## Aim of the task
Word for word, restate the entries below, but exclude the images.

## Records supplied
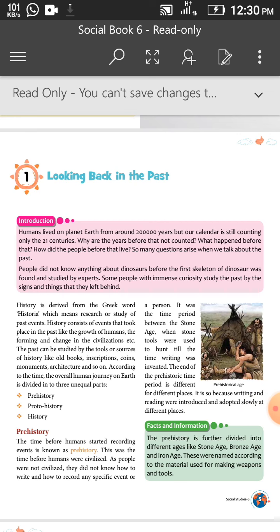As we know, humans have lived on planet Earth for around 2 lakh years, but our calendar is still counting only the 21st century. Why are the years before that not counted? What happened before that?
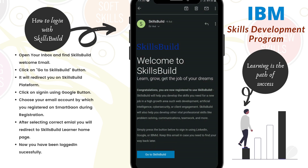Once you register with IBM SkillBuild platform, you will receive a welcome email from SkillBuild. In this email, there is a button named 'Go to SkillBuild.' Click on that button. This will redirect you to the SkillBuild platform.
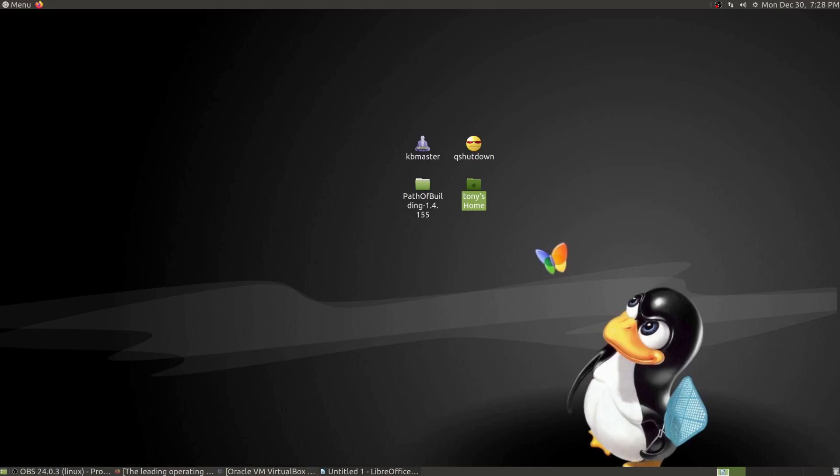Welcome everyone. In this series of videos, we'll be going over the basics of Linux. If you're an old user who's been using Linux for a long time, most of this information is going to be old news to you.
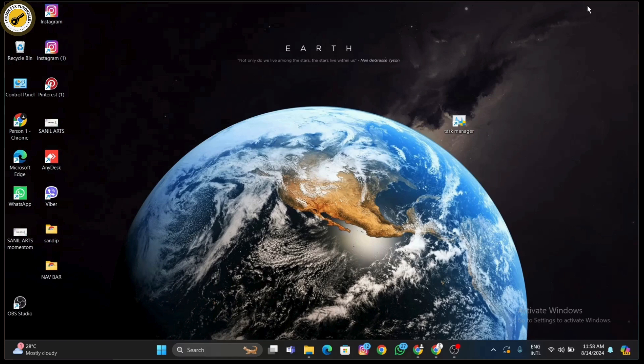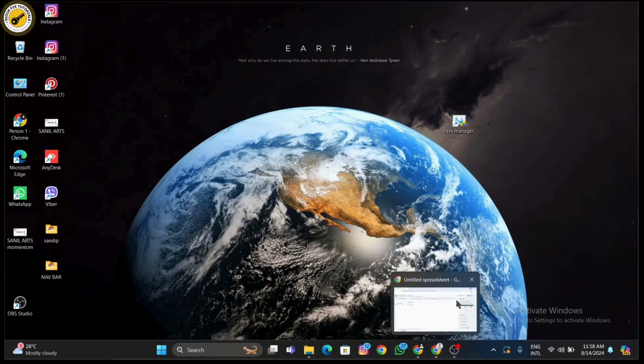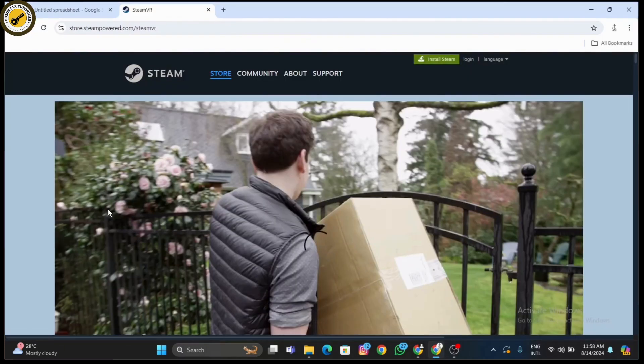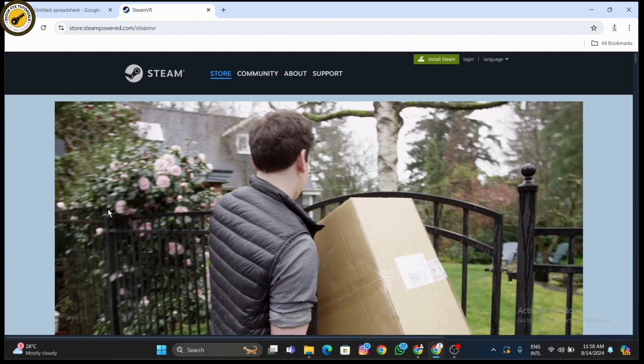After that, restart SteamVR and your PC. Sometimes a simple restart can fix these errors. Close SteamVR and Steam completely then restart your computer. Once your PC has rebooted, launch Steam and SteamVR again to see if the error persists.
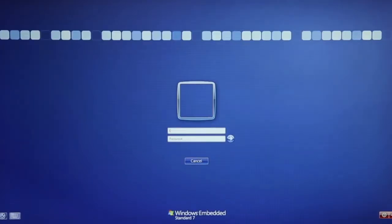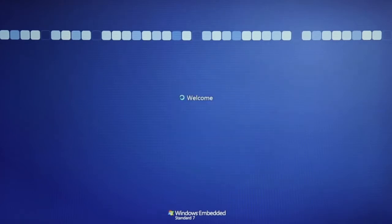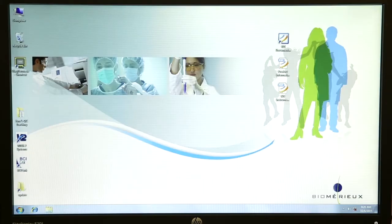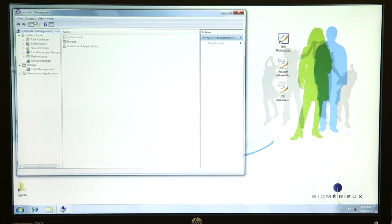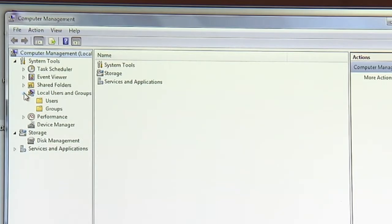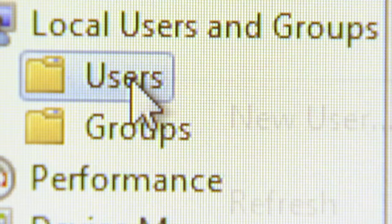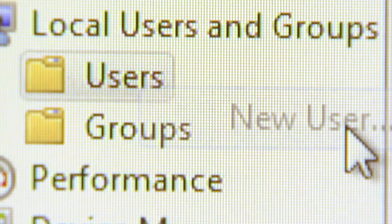Log in to the Windows 7 operating system using an account with administrator privileges. From the Windows desktop, right-click on the computer icon. This icon can usually be found in the upper left corner of the screen. Click Manage to bring up the computer management window. In the navigation tree under System Tools, click the arrow symbol to the left of the Local Users and Groups folder to open it. In the navigation tree, right-click on Users. Click New User.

## Your solution
As we know, humans have lived on planet Earth for around 2 lakh years, but our calendar is still counting only the 21st century. Why are the years before that not counted? What happened before that?
Once you register with IBM SkillBuild platform, you will receive a welcome email from SkillBuild. In this email, there is a button named 'Go to SkillBuild.' Click on that button. This will redirect you to the SkillBuild platform.
Welcome everyone. In this series of videos, we'll be going over the basics of Linux. If you're an old user who's been using Linux for a long time, most of this information is going to be old news to you.
After that, restart SteamVR and your PC. Sometimes a simple restart can fix these errors. Close SteamVR and Steam completely then restart your computer. Once your PC has rebooted, launch Steam and SteamVR again to see if the error persists.
Log in to the Windows 7 operating system using an account with administrator privileges. From the Windows desktop, right-click on the computer icon. This icon can usually be found in the upper left corner of the screen. Click Manage to bring up the computer management window. In the navigation tree under System Tools, click the arrow symbol to the left of the Local Users and Groups folder to open it. In the navigation tree, right-click on Users. Click New User.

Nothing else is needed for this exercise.